Data Lake Essentials



A Data Lake is a central data repository that can hold a vast amount of structured and unstructured data in its native format, until the value has been discovered through the use of other data sources, experimentation, and exploration through a collaborated approach in the organization. It is a compliment and mature attribute to existing Business Intelligence implementations, providing proof-of-value concepts to our data. In our design efforts, the Data Warehouse should almost always receive architecture priority over the Data Lake.


alt


"It is a compliment and mature attribute to existing Business Intelligence implementations, providing proof-of-value concepts to our data..."


The Three Data Lake Pillars

Organization

Operations

Discovery


Organization

A common organization pattern in the data lake is one that enables Data Exploration and a proof-of-value concept to the data itself. It is crucial that thorough planning is considered when implementing a Data Lake in your organization so that the Data Lake does not transform into a Data Swamp.

At the end of the day, the Data Lake should enable power users, analyst, and Data Scientist to quickly discover, provide value, and promote that value to a Production system. The production of the Exploratory pipelines to Operational Pipelines should be seamless and easily deployable.

alt

You can begin to understand how a Data Lake can be structured from the above image. The data is landed in the RAW area where the data is organized by 5 sub categories. An example follows:

Finance (Subject)
 CRM      (Data Source)   
   Invoices (Data Set)
     2017      (Date)
        05       (Date)
           27      (Date)
             Invoices_20170527.txt  (File)



Lake Area Attributes As the data moves from Ingestion to Curation, the data becomes more structured, governed, and more available to the users.

Phase A: Exploratory Pipeline - RAW > EXPLORATION
Phase B: Operational Pipeline - RAW > STAGE > CURATED



alt

Organizing by Date It has become a best practice to partition and organize Data Lake data by date. This can become particular useful as data is collected from aggregated streams, constant large batch ingestions, but also could provide an organization to rebuild a destination database or system from a certain point-in-time.




Operations

A common operations pattern involving Exploratory Analytics
alt

As companies embark on a Data Science initiative, and more and more value becomes available from our Exploration, we must take into consideration AnalyticOps or the promotion of valuable datasets to Production.

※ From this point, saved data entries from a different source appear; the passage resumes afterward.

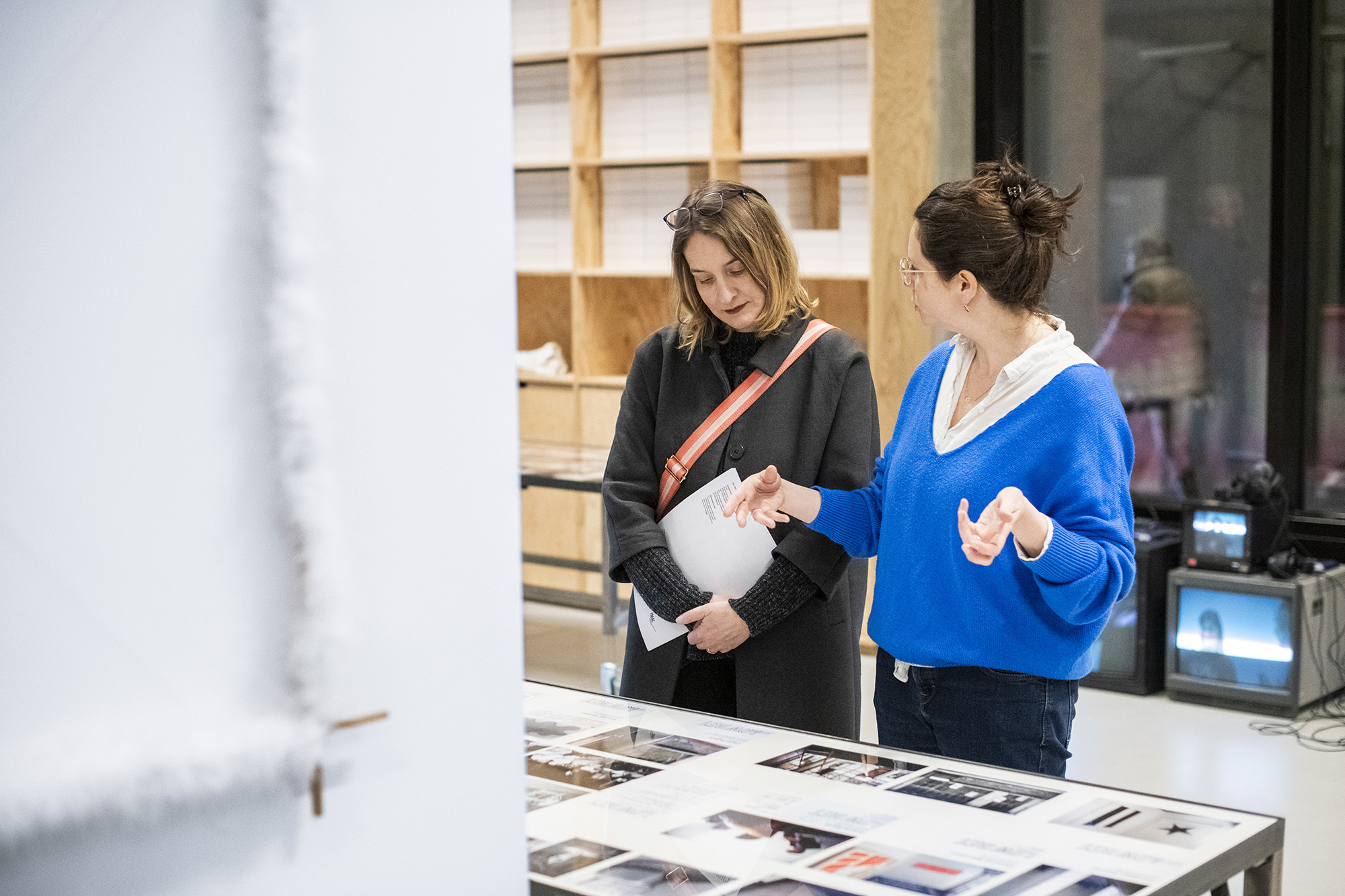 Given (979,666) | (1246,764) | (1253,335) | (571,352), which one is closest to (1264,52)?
(1253,335)

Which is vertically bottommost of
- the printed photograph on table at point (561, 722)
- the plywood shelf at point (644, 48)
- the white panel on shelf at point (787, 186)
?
the printed photograph on table at point (561, 722)

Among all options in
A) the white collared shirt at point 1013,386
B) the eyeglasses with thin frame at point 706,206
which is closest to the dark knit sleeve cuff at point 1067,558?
the white collared shirt at point 1013,386

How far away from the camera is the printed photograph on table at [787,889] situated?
4.08 feet

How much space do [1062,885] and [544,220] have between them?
5.09 metres

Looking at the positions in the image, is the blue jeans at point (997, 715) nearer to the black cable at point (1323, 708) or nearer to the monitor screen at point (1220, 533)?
the black cable at point (1323, 708)

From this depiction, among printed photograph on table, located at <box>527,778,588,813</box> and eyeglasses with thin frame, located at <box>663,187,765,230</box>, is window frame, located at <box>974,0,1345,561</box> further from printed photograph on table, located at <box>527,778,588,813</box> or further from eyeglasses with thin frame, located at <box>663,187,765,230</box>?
printed photograph on table, located at <box>527,778,588,813</box>

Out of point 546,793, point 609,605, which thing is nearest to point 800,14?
point 609,605

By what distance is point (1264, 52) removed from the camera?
4.81 m

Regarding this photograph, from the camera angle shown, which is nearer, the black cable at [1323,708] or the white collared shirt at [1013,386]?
the white collared shirt at [1013,386]

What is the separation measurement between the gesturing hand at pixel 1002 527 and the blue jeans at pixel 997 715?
0.26 m

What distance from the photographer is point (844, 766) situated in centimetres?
164

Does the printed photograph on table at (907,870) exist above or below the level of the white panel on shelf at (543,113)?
below

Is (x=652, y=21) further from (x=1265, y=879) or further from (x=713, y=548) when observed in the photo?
(x=1265, y=879)

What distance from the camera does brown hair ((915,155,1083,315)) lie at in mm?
1705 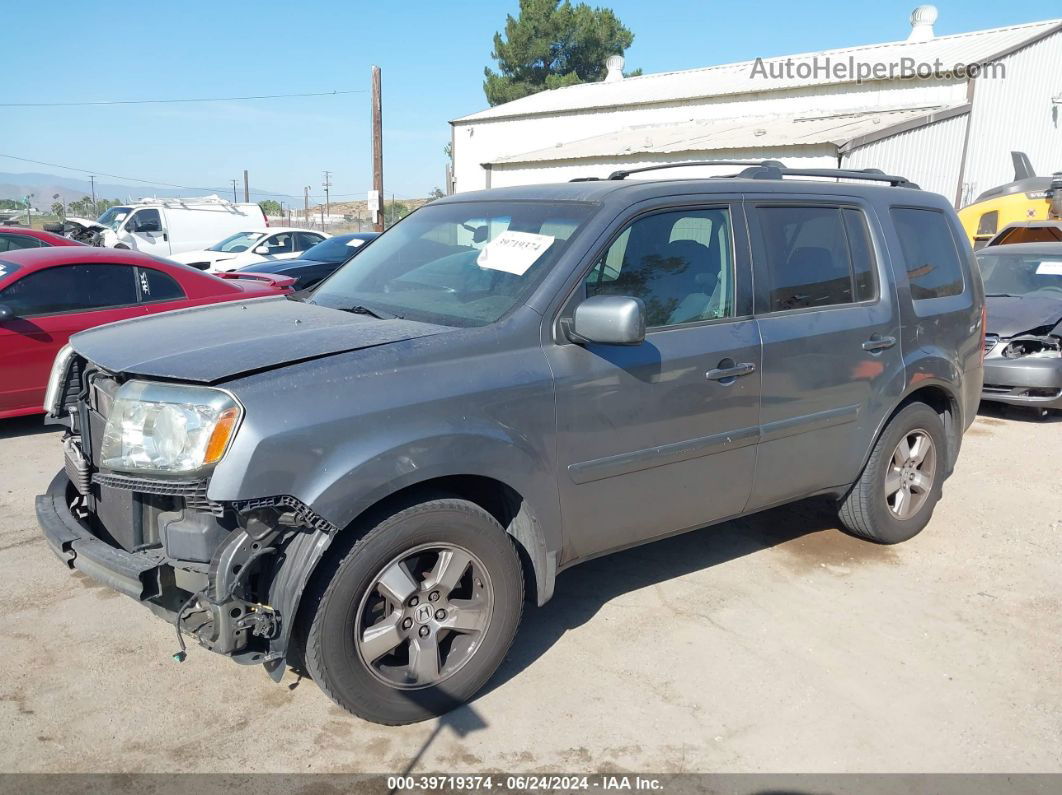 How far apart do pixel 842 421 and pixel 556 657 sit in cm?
187

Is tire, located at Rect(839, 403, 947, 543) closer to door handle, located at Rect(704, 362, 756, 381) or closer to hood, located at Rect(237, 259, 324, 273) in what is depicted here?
door handle, located at Rect(704, 362, 756, 381)

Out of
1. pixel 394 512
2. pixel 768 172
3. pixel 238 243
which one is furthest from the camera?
pixel 238 243

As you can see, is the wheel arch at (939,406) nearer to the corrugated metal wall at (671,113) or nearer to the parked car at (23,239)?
the parked car at (23,239)

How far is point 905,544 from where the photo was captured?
514 centimetres

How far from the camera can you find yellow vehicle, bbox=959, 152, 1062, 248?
577 inches

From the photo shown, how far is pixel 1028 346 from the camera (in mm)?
8414

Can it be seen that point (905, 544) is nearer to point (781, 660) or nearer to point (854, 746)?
point (781, 660)

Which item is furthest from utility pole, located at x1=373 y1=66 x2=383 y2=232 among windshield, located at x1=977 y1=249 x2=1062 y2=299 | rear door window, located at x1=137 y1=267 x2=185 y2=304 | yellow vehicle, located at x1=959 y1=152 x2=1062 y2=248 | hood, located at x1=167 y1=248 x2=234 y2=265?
windshield, located at x1=977 y1=249 x2=1062 y2=299

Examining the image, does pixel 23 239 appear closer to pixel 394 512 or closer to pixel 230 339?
pixel 230 339

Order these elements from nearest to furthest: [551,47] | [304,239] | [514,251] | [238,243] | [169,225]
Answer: [514,251] → [304,239] → [238,243] → [169,225] → [551,47]

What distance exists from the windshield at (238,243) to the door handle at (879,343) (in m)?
16.2

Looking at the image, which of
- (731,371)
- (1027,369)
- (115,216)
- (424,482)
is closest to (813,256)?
(731,371)

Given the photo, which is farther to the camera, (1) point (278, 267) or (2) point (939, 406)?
(1) point (278, 267)

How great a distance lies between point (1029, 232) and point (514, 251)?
11423 millimetres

Example: A Data Scientist retrieves new data that was just landed in the RAW area. This data has not yet been moved to the Operational pipeline because there is currently no accessible value. The Scientist then decides to run some experiments through Azure Machine Learning, maybe include some R and Python scripting. Highly valuable predictions are then discovered in which the company wants to immediately surface in one of their Customer Service applications. We don't want to have to rebuild this entire model to fit IT's standards. Instead, we take an approach that enables multiple tools (ML, R, Python, C#, etc.) to be used without having to change the pipeline that orchestrates this data movement.

In a growing world of new open-source tools, it is imperative that a solution is in place that can handle the data movement in an organization without limiting the usage of new technology.





Discovery

A key attribute to a Data Lake implementation is enabling the capture of MetaData. This not only includes the capture of metadata when it comes to automating ETL and SQL development, but as well as looking at what type of data we are bringing in and how it relates to other data.

Tagging Phase 1 usually occurs in a MetaData type Framework that is used for development. Where 2, 3, and 4 could be stored in a different type of system such as Azure Data Catalog or the open-source equivalents. Here users will Tag data, based on internal acronyms and understanding. Then when someone wants to discover new value from existing data, they can search the Catalog for tags such as Customer A, or Product B, etc. This occurs specifically in Tag 4 (reference table below). Other tagging can be automated such as pre-aggregating certain data field types, identifying counts on data sets where there is missing data (to determine value aspect), etc.

There are many options when it comes to designing your Discovery methods. A more mature feature would be using graph databases and creating visual maps on how data relates to each other.

alt